InferenceSession构造阶段会进行各个成员的初始化,成员包括负责OpKernel管理的KernelRegistryManager对象,持有Session配置信息的SessionOptions对象,负责图分割的GraphTransformerManager,负责log管理的LoggingManager等。当然,这个时候InferenceSession就是一个空壳子,只完成了对成员对象的初始构建。
2、第2阶段:模型加载与初始化
在完成InferenceSession对象的构造后,会将onnx模型加载到InferenceSession中并进行进一步的初始化。
2.1. 模型加载
模型加载时,会在C++后端会调用对应的Load()函数,InferenceSession一共提供了8种Load函数。包读从url,ModelProto,void* model data,model istream等读取ModelProto。InferenceSession会对ModelProto进行解析然后持有其对应的Model成员。
2.2. Providers注册
在Load函数结束后,InferenceSession会调用两个函数:RegisterExecutionProviders()和sess->Initialize();
RegisterExecutionProviders函数会完成ExecutionProvider的注册工作。这里解释一下ExecutionProvider,ONNXRuntime用Provider表示不同的运行设备比如CUDAProvider等。目前ONNXRuntimev1.0支持了包括CPU,CUDA,TensorRT,MKL等七种Providers。通过调用sess->RegisterExecutionProvider()函数,InferenceSession通过一个list持有当前运行环境中支持的ExecutionProviders。
2.3. InferenceSession初始化
即sess->Initialize(),这时InferenceSession会根据自身持有的model和execution providers进行进一步的初始化(在第一阶段Session构造时仅仅持有了空壳子成员变量)。该步骤是InferenceSession初始化的核心,一系列核心操作如内存分配,model partition,kernel注册等都会在这个阶段完成。
- 首先,session会根据level注册 graph optimization transformers,并通过GraphTransformerManager成员进行持有。

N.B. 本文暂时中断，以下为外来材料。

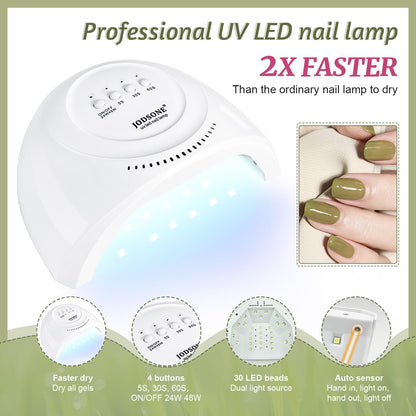 JODSONE 36 Pcs Gel Polish Kit: 32 Colors, Base & Top Coats | Gift Set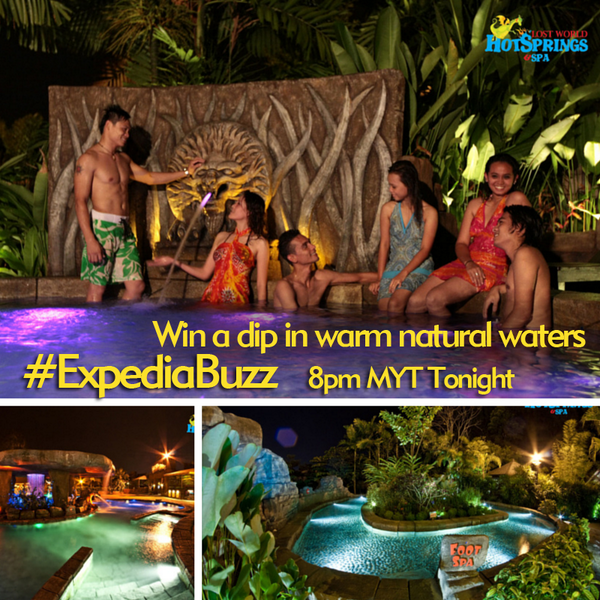 ExpediaAsia's tweet photo. #ExpediaBuzz is back! Join us 2night 8PM MYT &amp; win a relaxing dip for 2 in the Hot Spring &amp; Spa @ #LostWorldofTambun! http://t.co/PhuA7FDhV2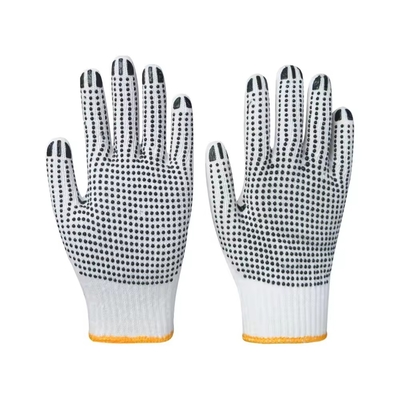 PVC Black Double-Sided Dotted Cotton Knitted Work Gloves Construction / Hand Protection / Anti Slip And Durable Glov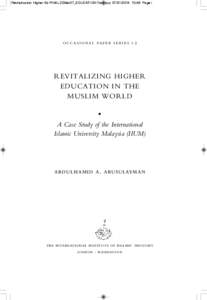 Revitalization Higher Ed FINAL 22Mar07_EDUCATION Text.qxp[removed]:49 Page i                        REVITALIZING HIGHER EDUCATION IN THE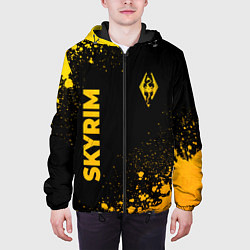 Куртка с капюшоном мужская Skyrim - gold gradient: надпись, символ, цвет: 3D-черный — фото 2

- 接下来session会进行OpKernel注册,OpKernel即定义的各个node对应在不同运行设备上的计算逻辑。这个过程会将持有的各个ExecutionProvider上定义的所有node对应的Kernel注册到session中,session通过KernelRegistryManager成员进行持有和管理。
- 然后session会对Graph进行图变换,包括插入copy节点,cast节点等。
- 接下来是model partition,也就是根运行设备对graph进行切分,决定每个node运行在哪个provider上。
- 最后,为每个node创建ExecutePlan,运行计划主要包含了各个op的执行顺序,内存申请管理,内存复用管理等操作。
3、第3阶段:模型运行
模型运行即InferenceSession每次读入一个batch的数据并进行计算得到模型的最终输出。然而其实绝大多数的工作早已经在InferenceSession初始化阶段完成。细看下源码就会发现run阶段主要是顺序调用各个node的对应OpKernel进行计算。
四、模型的部署
和其他所有主流框架相同,ONNXRuntime最常用的语言是python,而实际负责执行框架运行的则是C++。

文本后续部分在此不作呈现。